Mambro e Fioravanti si assunsero la responsabilità di altri gravi atti criminosi, ma mai della bomba di Bologna e questo lo fecero da subito, quando altre ipotesi investigative potevano forse essere più chiaramente verificate, mentre invece le indagini sembrarono subito dirette a senso unico, anche se dietro a quel generico aggettivo di “fascista” – che mette sempre un po’ ipocritamente a posto le coscienze di tutti – ci potrebbero essere anche gruppi o persone diverse dai condannati.
Una delle piste più controverse che si sono scontrate con diversi preconcetti indica una responsabilità palestinese, legata ad uno “sgarbo” dell’Italia per aver fatto arrestare ad Ortona, pochi mesi prima, Abu Saleh Anzeh, militante del Fronte popolare per la liberazione della Palestina (Fplp) e coinvolto nel contrabbando di armi da e verso l’Europa. Qualcun altro ha sostenuto addirittura che non ci fu un vero e proprio attentato, ma scoppiò accidentalmente un contenitore di potente esplosivo militare “in transito” per Bologna verso la Germania e che i resti di una persona ritrovati vicino al punto dell’esplosione non siano mai stati identificati.
Dubbi sollevati anche dalla commissione parlamentare Mitrokhin, che esaminò la sterminata documentazione sovietica del tempo (e liberalizzata dalle autorità moscovite dopo la caduta dell’Urss) che nella relazione finale dedicò ampio spazio a questa ipotesi, peraltro sempre smentita dal Viminale, ma che a sua volta viene contraddetto dalle contestuali condanne di ex nostri agenti segreti accusati di aver “coperto” la manovalanza neofascista.
Sta di fatto che le stesse incertezze gravano anche su altri attentati di quegli anni dove l’intreccio tra servizi segreti, manovalanza criminale, estremismo politico e terrorismo internazionale diviene inestricabile, il che è esattamente quello che avrebbero voluto le “menti” che stavano dietro alle troppe stragi che in quegli anni insanguinarono l’Italia ed in particolare il nostro sistema ferroviario.

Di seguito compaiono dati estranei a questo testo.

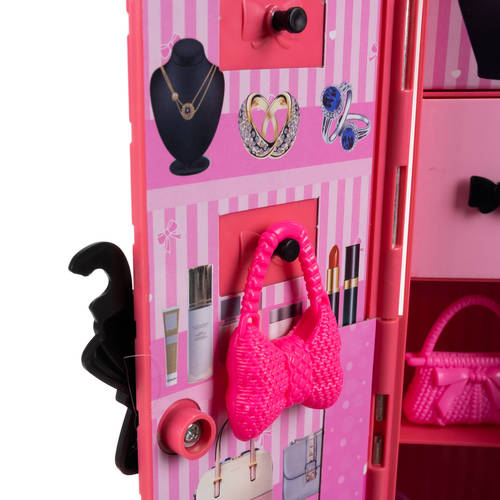 Hordozható ruhásszekrény bőrönben babáknak – 34x19x7cm , rózsaszín szín (BB-20585) (10)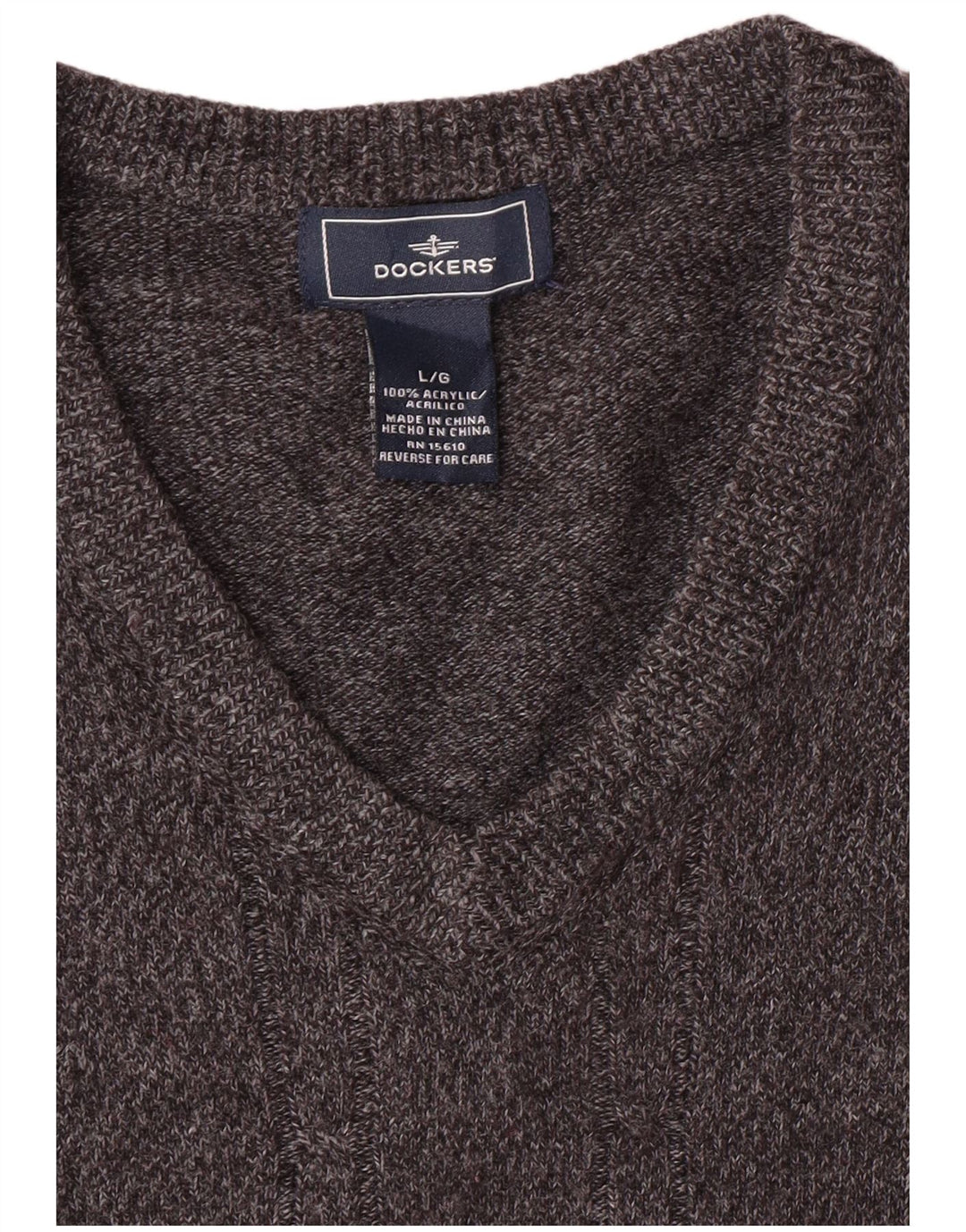 DOCKERS Pull Col V Homme Grand Gris Acrylique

Quello che personalmente mi è sempre apparso poco credibile è però stato il consueto presunto coinvolgimento di Licio Gelli anche per l’attentato di Bologna: l’esponente massone (defunto) è stato accusato in contumacia di tutto e di più, tanto da incoronarlo come un genio del male, mentre forse – almeno in parte – è stato soprattutto un comodo alibi per ogni indagine irrisolta.
Credo che la verità forse non sarà mai accertata fino in fondo, anche perché alcune definizioni come destra, sinistra, fascismo ecc. si prestano ad interpretazioni controverse e a volte non accettate dagli stessi aderenti ai gruppi sovversivi che si autodefiniscono in termini diversi.
Ma non è una questione di semantica, è semmai tornare al punto di partenza: le persone fisiche condannate per l’attentato l’hanno o no personalmente commesso? Questo è il primo punto processuale sul quale non si dovrebbe poter più discutere ed essere dato per certo, e invece proprio su questo punto specifico – più che sulle “responsabilità morali” che possono starci dietro – qualche dubbio resta nella coscienza di tutte le persone che hanno conosciuto gli imputati o abbiano man mano cercato di approfondire le carte. Io stesso, avendo parlato personalmente e a lungo con la Mambro a Rebibbia quando ero parlamentare, questi dubbi li mantengo.
Non è che nella storia tutti i condannati siano stati i veri colpevoli, spesso solo dopo molti anni e scomparsi i diretti protagonisti è emersa la verità. Certamente sarebbe utile poter accedere a tutti gli atti ancora secretati, ma – anche al momento della loro de-secretazione – chi ci garantirà che non siano stati già preventivamente “ripuliti”?